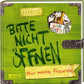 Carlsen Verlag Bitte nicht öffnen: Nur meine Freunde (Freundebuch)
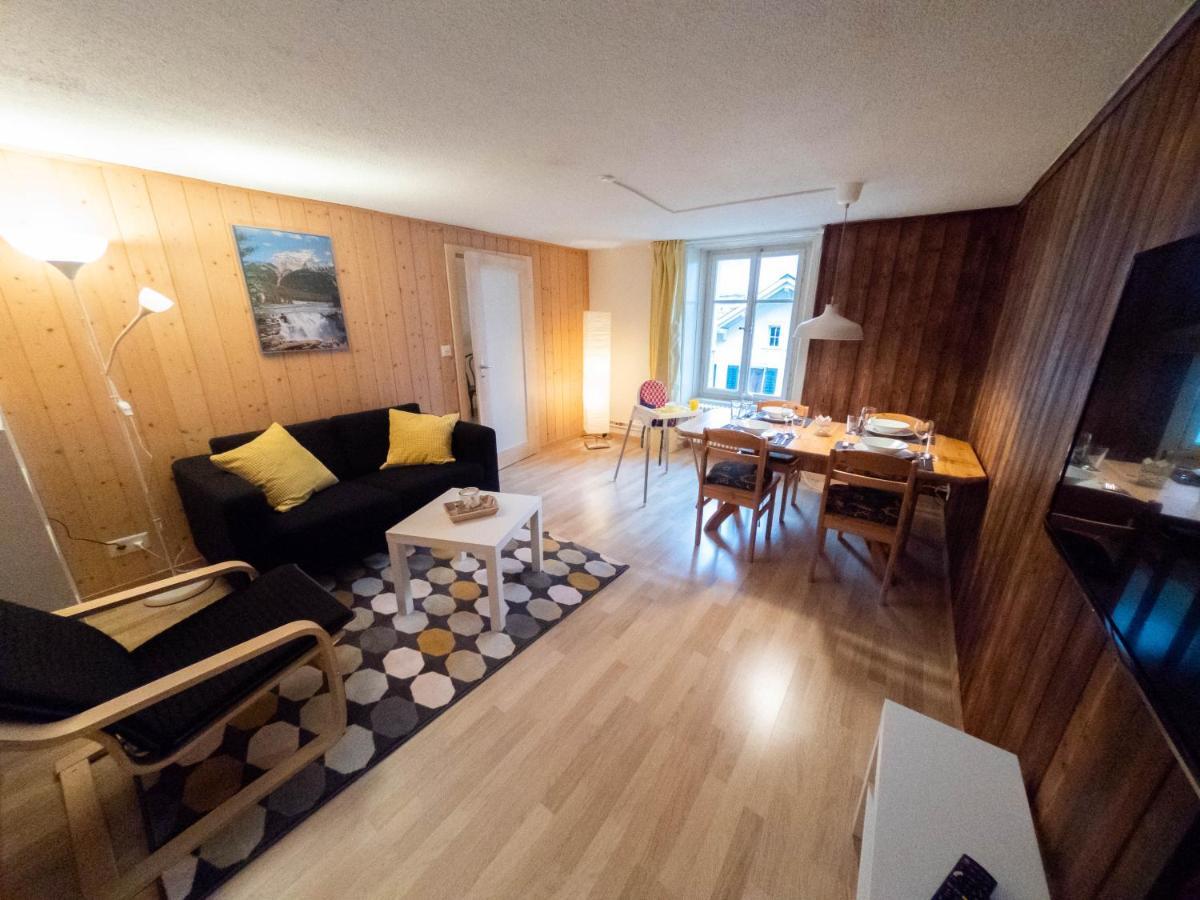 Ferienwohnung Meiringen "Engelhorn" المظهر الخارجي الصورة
___
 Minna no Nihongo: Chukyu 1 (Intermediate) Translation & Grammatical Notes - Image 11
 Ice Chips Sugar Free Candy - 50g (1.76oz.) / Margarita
___
Leaving every picture aside, reproduce exactly the lines above from the one with "Carlsen Verlag Bitte" up to and including the one with "المظهر الخارجي الصورة", and no others.

• **Task solution**:
 Carlsen Verlag Bitte nicht öffnen: Nur meine Freunde (Freundebuch)
 Ferienwohnung Meiringen "Engelhorn" المظهر الخارجي الصورة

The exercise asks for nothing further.